• **Your goal**
Starting at the line that contains "White Marble Modern" and stopping after the line that contains "Influence Lines for", transcribe the listing below exactly; do not include any pictures.
------ Given data ------
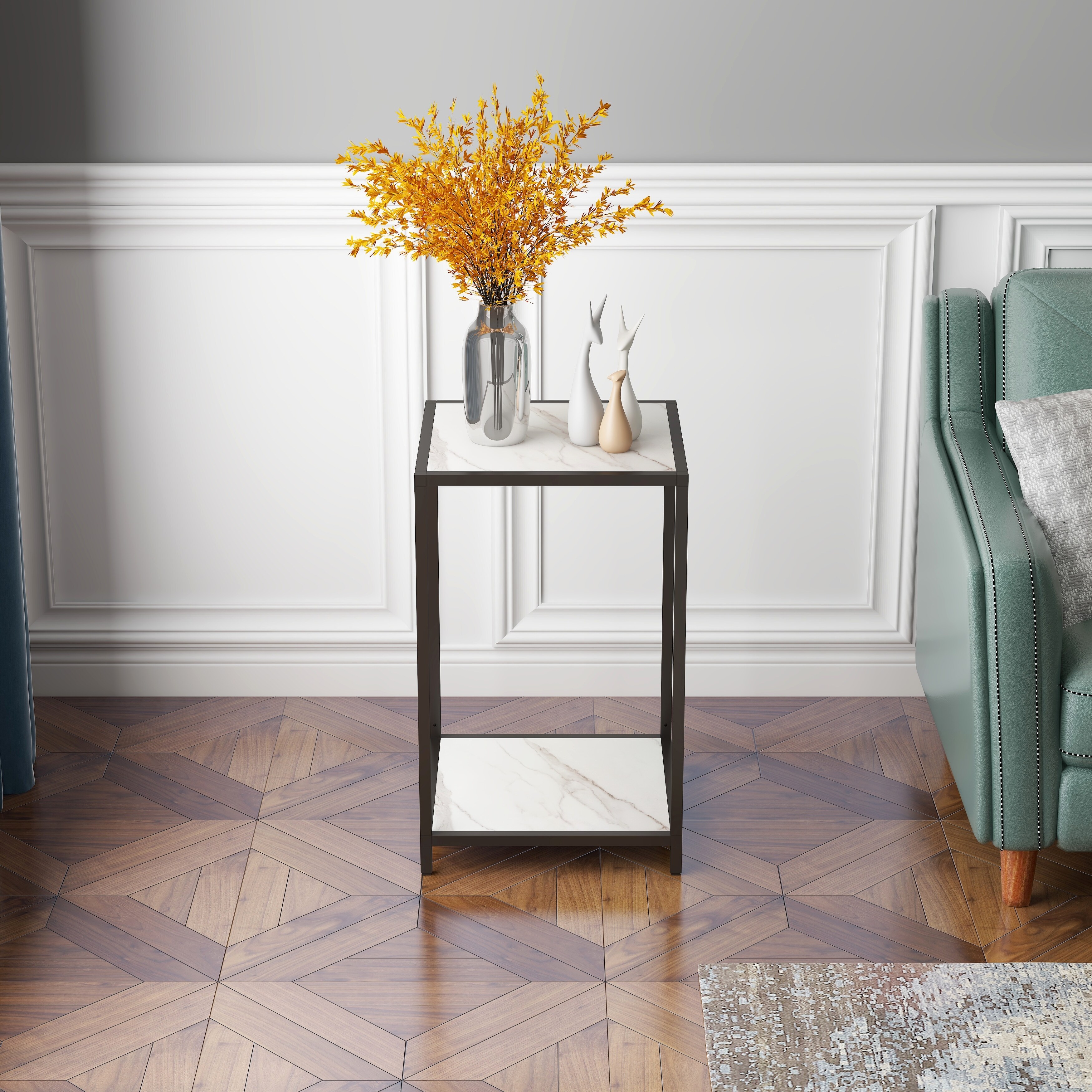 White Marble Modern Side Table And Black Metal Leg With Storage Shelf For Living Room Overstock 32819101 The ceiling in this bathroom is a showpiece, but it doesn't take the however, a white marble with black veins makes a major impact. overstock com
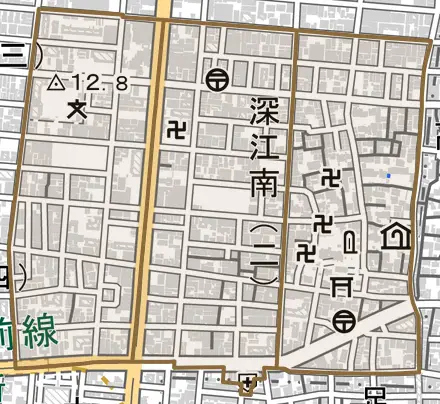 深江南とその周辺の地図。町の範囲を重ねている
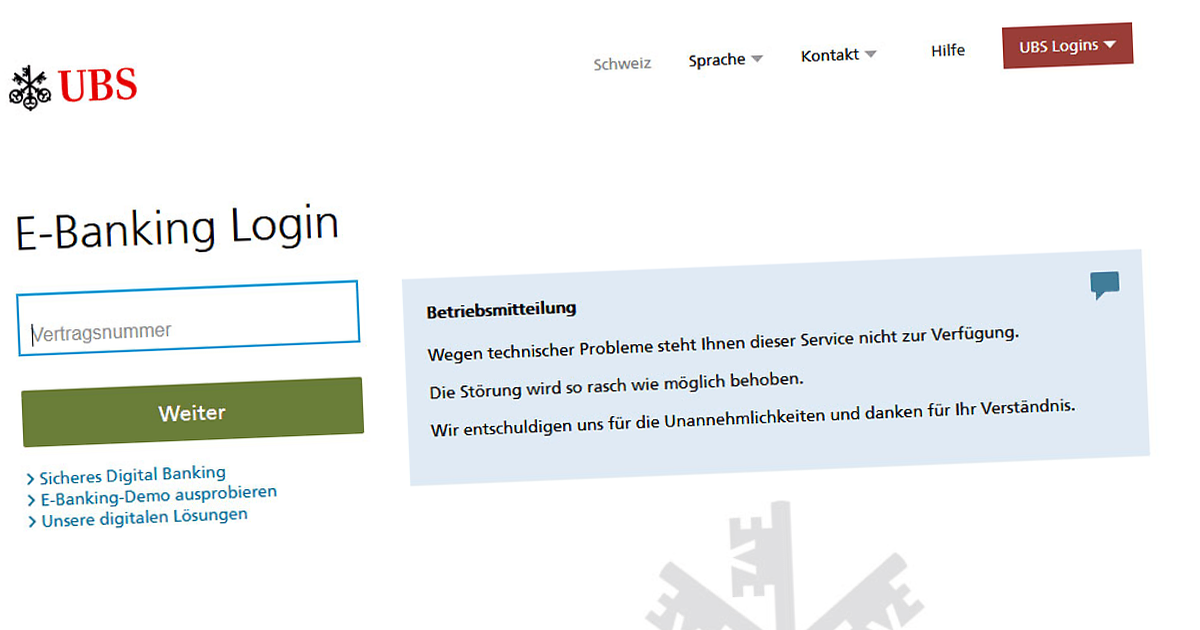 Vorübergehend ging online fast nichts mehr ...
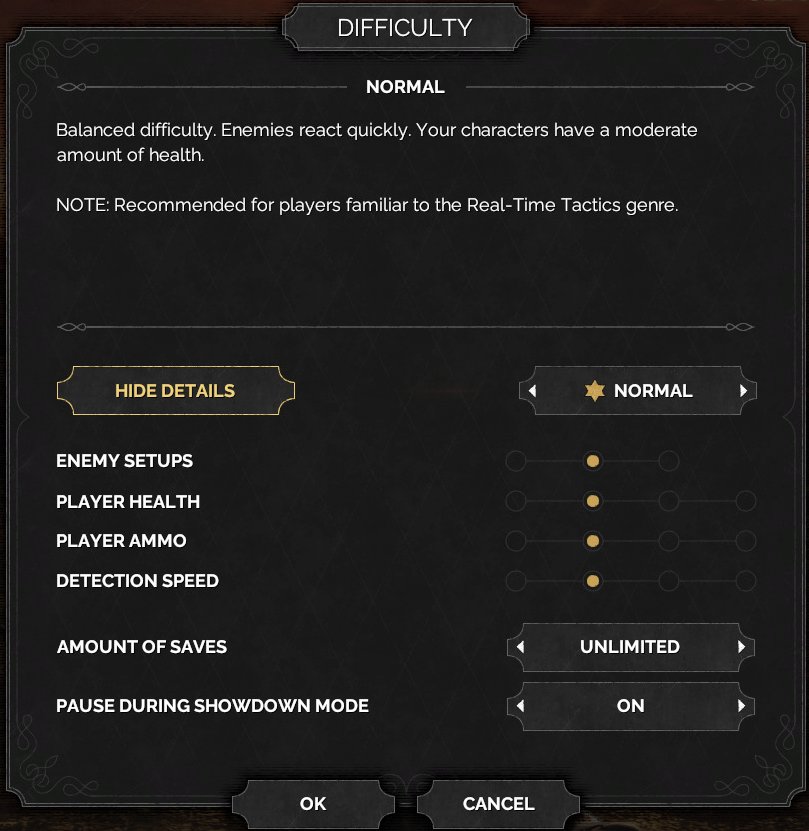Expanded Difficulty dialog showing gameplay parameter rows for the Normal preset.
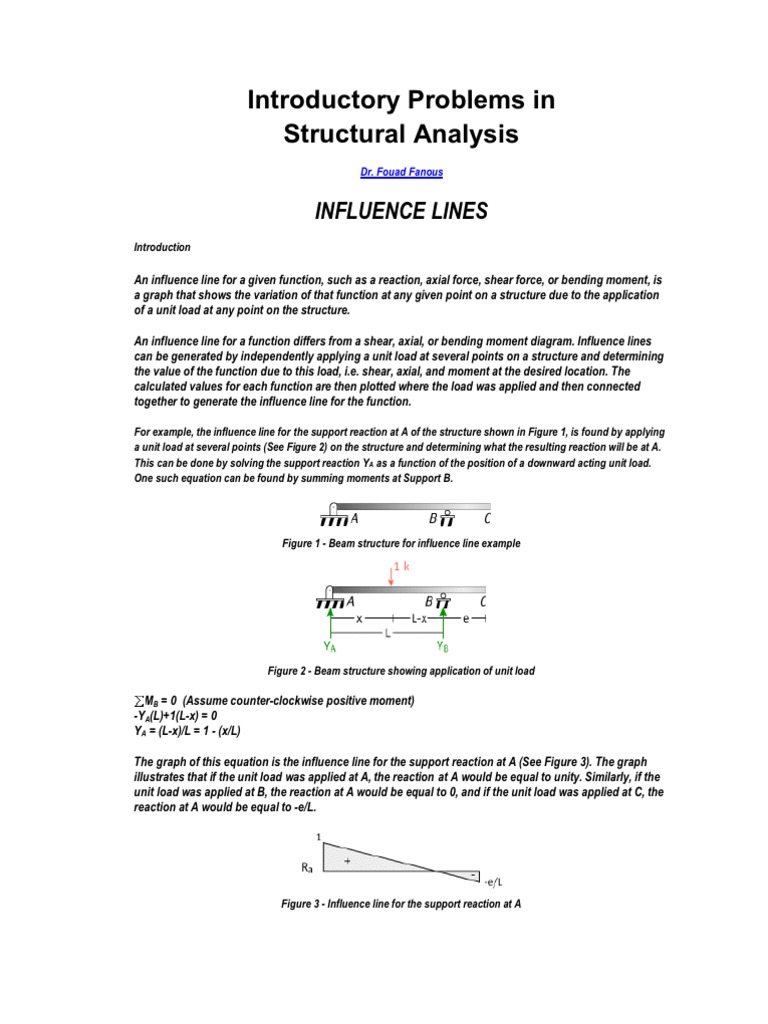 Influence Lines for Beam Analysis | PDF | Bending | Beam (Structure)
------
------ Given data ------
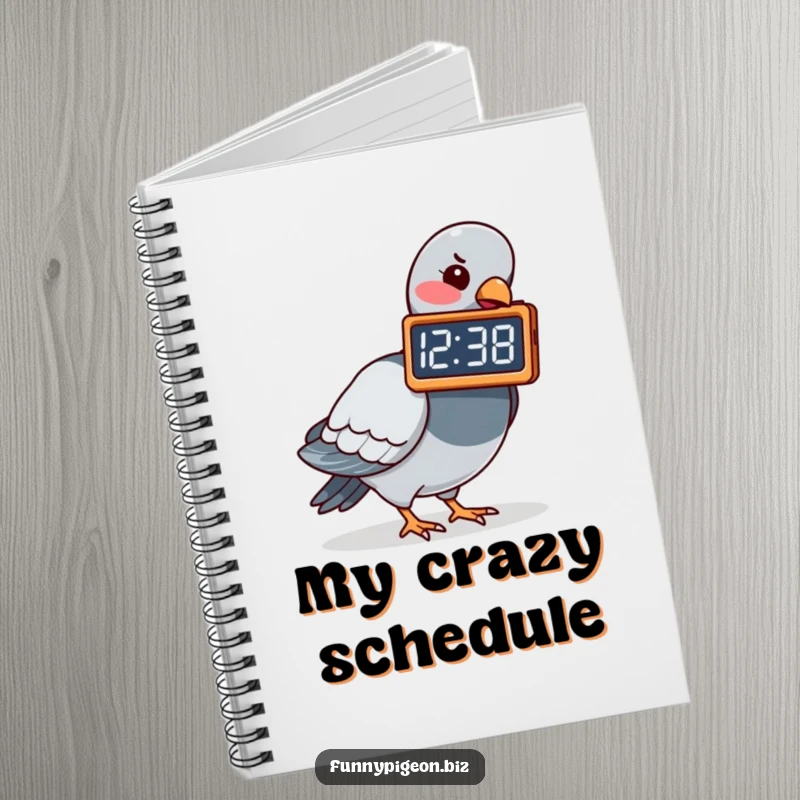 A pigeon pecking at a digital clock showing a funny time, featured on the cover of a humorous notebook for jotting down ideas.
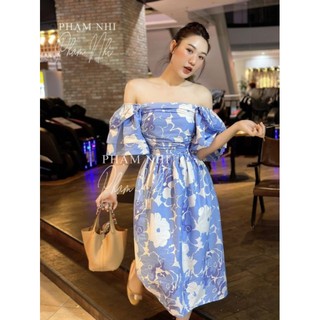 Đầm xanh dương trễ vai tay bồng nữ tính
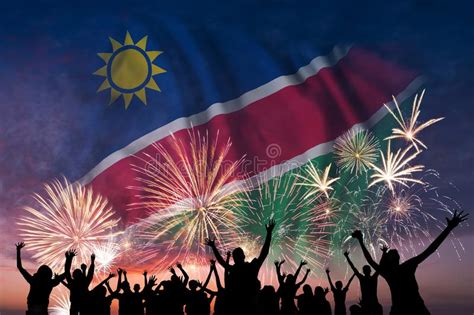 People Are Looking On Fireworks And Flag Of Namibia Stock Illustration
------
• **Answer to this problem**
 White Marble Modern Side Table And Black Metal Leg With Storage Shelf For Living Room Overstock 32819101 The ceiling in this bathroom is a showpiece, but it doesn't take the however, a white marble with black veins makes a major impact. overstock com
 深江南とその周辺の地図。町の範囲を重ねている
 Vorübergehend ging online fast nichts mehr ...
Expanded Difficulty dialog showing gameplay parameter rows for the Normal preset.
 Influence Lines for Beam Analysis | PDF | Bending | Beam (Structure)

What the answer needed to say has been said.